In 2022, she starred as Danni in the Glasgow-based 3-part BBC drama thriller The Control Room, alongside Daniel Portman.

Morison has also been the narrator of series 6,7 and 8 of the BBC television series This Farming Life. In 2025, Morison starred as Lady Macduff in a cinematic version of the successful 2024 play production of Macbeth, which also starred David Tennant and Cush Jumbo.

===Theatre ===
Morison's theatre career has included Scuttlers at the Royal Exchange Theatre, To Kill a Mockingbird at the Open Air Theatre in Regent's Park, Illusions at the Bush Theatre and The Second Mrs Tanqueray at Rose Theatre in Kingston.
Morison played the lead role of 15-year-old Minnie in the 2017 in a play based on the Phoebe Gloeckner novel and Marielle Heller film The Diary of a Teenage Girl, at the Southwark Playhouse.
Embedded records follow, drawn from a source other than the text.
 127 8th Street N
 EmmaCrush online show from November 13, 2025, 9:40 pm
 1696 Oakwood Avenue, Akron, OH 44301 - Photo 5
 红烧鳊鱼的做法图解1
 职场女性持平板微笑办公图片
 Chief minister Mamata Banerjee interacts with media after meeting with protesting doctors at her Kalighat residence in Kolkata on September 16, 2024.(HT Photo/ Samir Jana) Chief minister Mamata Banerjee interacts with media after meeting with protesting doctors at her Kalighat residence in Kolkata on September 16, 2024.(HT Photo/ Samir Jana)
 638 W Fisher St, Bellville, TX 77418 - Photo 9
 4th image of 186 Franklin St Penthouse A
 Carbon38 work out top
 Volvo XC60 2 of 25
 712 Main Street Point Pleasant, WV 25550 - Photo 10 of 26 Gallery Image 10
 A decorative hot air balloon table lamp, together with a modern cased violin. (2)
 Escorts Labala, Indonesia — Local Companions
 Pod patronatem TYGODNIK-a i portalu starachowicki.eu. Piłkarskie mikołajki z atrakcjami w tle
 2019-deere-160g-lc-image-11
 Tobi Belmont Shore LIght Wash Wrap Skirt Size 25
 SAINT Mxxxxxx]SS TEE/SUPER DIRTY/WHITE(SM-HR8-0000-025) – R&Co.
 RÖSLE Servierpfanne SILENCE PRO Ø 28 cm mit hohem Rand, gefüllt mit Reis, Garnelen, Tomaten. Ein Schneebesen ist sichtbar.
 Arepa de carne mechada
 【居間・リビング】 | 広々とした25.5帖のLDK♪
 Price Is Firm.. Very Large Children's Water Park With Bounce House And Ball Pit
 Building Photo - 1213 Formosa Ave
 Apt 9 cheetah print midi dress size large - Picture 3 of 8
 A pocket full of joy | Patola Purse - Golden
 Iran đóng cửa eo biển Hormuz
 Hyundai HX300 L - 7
Morison performed another lead role in the 2018 production of The Prime of Miss Jean Brodie at the Donmar Warehouse.
Morison received a nomination at the 2018 Evening Standard Theatre Awards for the Emerging Talent Award for her performance as Sandy in The Prime of Miss Jean Brodie at the Donmar Warehouse in 2018.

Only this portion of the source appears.